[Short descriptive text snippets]
+ + + + +

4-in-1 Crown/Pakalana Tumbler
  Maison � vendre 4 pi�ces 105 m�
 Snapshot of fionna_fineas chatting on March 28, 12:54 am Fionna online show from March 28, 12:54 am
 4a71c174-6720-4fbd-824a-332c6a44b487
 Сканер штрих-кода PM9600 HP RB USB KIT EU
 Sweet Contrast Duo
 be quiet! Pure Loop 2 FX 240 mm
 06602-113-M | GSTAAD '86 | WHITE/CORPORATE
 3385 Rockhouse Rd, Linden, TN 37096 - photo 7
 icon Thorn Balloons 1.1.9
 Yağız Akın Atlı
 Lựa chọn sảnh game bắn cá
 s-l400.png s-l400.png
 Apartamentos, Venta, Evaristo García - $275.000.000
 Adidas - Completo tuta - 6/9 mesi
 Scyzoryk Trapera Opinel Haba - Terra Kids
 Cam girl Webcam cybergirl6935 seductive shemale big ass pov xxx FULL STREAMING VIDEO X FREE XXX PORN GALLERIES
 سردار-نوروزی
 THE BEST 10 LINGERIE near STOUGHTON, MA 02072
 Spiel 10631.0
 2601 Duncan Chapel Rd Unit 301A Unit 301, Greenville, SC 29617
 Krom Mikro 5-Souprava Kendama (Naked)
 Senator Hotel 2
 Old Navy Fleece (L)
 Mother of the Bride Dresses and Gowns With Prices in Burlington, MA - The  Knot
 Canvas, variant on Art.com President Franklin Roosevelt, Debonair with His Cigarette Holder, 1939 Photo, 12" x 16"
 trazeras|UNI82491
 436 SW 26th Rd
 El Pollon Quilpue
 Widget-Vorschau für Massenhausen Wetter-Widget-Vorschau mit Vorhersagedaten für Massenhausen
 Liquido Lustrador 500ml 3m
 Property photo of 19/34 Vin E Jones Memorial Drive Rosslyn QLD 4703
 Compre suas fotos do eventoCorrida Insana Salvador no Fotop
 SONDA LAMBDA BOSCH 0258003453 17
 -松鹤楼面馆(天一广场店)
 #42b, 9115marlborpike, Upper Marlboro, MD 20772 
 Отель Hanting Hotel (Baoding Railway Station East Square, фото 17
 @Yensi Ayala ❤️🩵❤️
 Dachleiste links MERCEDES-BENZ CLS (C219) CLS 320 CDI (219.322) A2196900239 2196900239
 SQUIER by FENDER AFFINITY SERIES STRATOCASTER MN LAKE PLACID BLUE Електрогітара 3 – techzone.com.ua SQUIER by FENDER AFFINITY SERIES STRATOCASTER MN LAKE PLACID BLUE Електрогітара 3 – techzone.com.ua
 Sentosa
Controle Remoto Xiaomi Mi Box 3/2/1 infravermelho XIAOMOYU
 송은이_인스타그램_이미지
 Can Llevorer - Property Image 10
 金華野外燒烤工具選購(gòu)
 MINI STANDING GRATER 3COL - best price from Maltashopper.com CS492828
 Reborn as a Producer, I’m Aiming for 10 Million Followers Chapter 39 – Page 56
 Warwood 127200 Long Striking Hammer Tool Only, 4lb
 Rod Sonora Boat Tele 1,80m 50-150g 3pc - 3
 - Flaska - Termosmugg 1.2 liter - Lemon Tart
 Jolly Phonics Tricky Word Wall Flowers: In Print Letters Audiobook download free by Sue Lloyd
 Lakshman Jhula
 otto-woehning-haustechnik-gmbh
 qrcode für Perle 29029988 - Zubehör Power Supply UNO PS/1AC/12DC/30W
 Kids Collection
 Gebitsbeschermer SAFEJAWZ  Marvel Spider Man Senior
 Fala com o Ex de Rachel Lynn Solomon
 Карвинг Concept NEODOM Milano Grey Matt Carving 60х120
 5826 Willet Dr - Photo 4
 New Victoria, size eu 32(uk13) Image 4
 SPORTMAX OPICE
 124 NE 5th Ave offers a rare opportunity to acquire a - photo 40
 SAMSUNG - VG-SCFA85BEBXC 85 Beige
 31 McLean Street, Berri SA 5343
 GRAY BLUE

+ + + + +

Task description >>
Please give all the entries above again, exactly as they stand.

Solution >>
4-in-1 Crown/Pakalana Tumbler
  Maison � vendre 4 pi�ces 105 m�
 Snapshot of fionna_fineas chatting on March 28, 12:54 am Fionna online show from March 28, 12:54 am
 4a71c174-6720-4fbd-824a-332c6a44b487
 Сканер штрих-кода PM9600 HP RB USB KIT EU
 Sweet Contrast Duo
 be quiet! Pure Loop 2 FX 240 mm
 06602-113-M | GSTAAD '86 | WHITE/CORPORATE
 3385 Rockhouse Rd, Linden, TN 37096 - photo 7
 icon Thorn Balloons 1.1.9
 Yağız Akın Atlı
 Lựa chọn sảnh game bắn cá
 s-l400.png s-l400.png
 Apartamentos, Venta, Evaristo García - $275.000.000
 Adidas - Completo tuta - 6/9 mesi
 Scyzoryk Trapera Opinel Haba - Terra Kids
 Cam girl Webcam cybergirl6935 seductive shemale big ass pov xxx FULL STREAMING VIDEO X FREE XXX PORN GALLERIES
 سردار-نوروزی
 THE BEST 10 LINGERIE near STOUGHTON, MA 02072
 Spiel 10631.0
 2601 Duncan Chapel Rd Unit 301A Unit 301, Greenville, SC 29617
 Krom Mikro 5-Souprava Kendama (Naked)
 Senator Hotel 2
 Old Navy Fleece (L)
 Mother of the Bride Dresses and Gowns With Prices in Burlington, MA - The  Knot
 Canvas, variant on Art.com President Franklin Roosevelt, Debonair with His Cigarette Holder, 1939 Photo, 12" x 16"
 trazeras|UNI82491
 436 SW 26th Rd
 El Pollon Quilpue
 Widget-Vorschau für Massenhausen Wetter-Widget-Vorschau mit Vorhersagedaten für Massenhausen
 Liquido Lustrador 500ml 3m
 Property photo of 19/34 Vin E Jones Memorial Drive Rosslyn QLD 4703
 Compre suas fotos do eventoCorrida Insana Salvador no Fotop
 SONDA LAMBDA BOSCH 0258003453 17
 -松鹤楼面馆(天一广场店)
 #42b, 9115marlborpike, Upper Marlboro, MD 20772 
 Отель Hanting Hotel (Baoding Railway Station East Square, фото 17
 @Yensi Ayala ❤️🩵❤️
 Dachleiste links MERCEDES-BENZ CLS (C219) CLS 320 CDI (219.322) A2196900239 2196900239
 SQUIER by FENDER AFFINITY SERIES STRATOCASTER MN LAKE PLACID BLUE Електрогітара 3 – techzone.com.ua SQUIER by FENDER AFFINITY SERIES STRATOCASTER MN LAKE PLACID BLUE Електрогітара 3 – techzone.com.ua
 Sentosa
Controle Remoto Xiaomi Mi Box 3/2/1 infravermelho XIAOMOYU
 송은이_인스타그램_이미지
 Can Llevorer - Property Image 10
 金華野外燒烤工具選購(gòu)
 MINI STANDING GRATER 3COL - best price from Maltashopper.com CS492828
 Reborn as a Producer, I’m Aiming for 10 Million Followers Chapter 39 – Page 56
 Warwood 127200 Long Striking Hammer Tool Only, 4lb
 Rod Sonora Boat Tele 1,80m 50-150g 3pc - 3
 - Flaska - Termosmugg 1.2 liter - Lemon Tart
 Jolly Phonics Tricky Word Wall Flowers: In Print Letters Audiobook download free by Sue Lloyd
 Lakshman Jhula
 otto-woehning-haustechnik-gmbh
 qrcode für Perle 29029988 - Zubehör Power Supply UNO PS/1AC/12DC/30W
 Kids Collection
 Gebitsbeschermer SAFEJAWZ  Marvel Spider Man Senior
 Fala com o Ex de Rachel Lynn Solomon
 Карвинг Concept NEODOM Milano Grey Matt Carving 60х120
 5826 Willet Dr - Photo 4
 New Victoria, size eu 32(uk13) Image 4
 SPORTMAX OPICE
 124 NE 5th Ave offers a rare opportunity to acquire a - photo 40
 SAMSUNG - VG-SCFA85BEBXC 85 Beige
 31 McLean Street, Berri SA 5343
 GRAY BLUE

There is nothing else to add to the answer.